### WHAT TO PRODUCE
Every line in the data below from the one containing "Avène Sun Protection" down to the one containing "norbert bordi business card", both included, must be retyped exactly; no other line is to appear.

### THE RECORDS
——————————
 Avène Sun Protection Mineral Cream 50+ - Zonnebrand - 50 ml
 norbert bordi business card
——————————
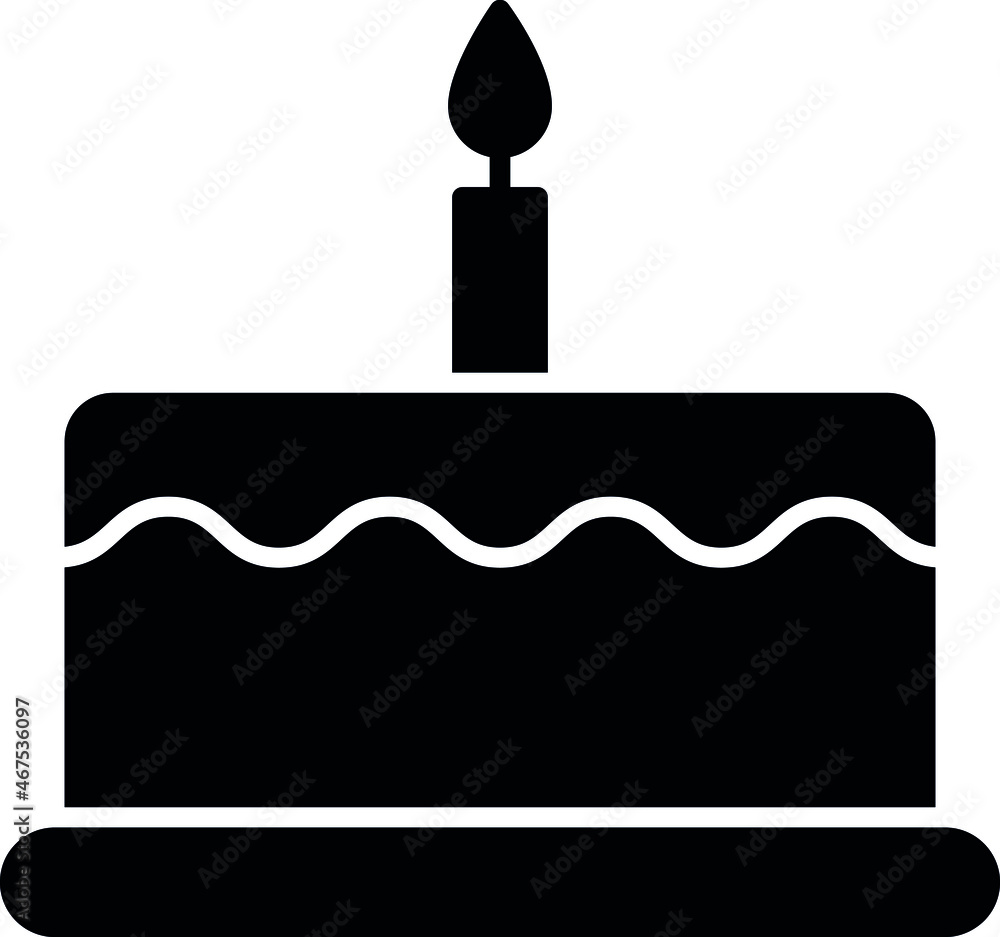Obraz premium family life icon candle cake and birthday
——————————
### ANSWER AREA
 Avène Sun Protection Mineral Cream 50+ - Zonnebrand - 50 ml
 norbert bordi business card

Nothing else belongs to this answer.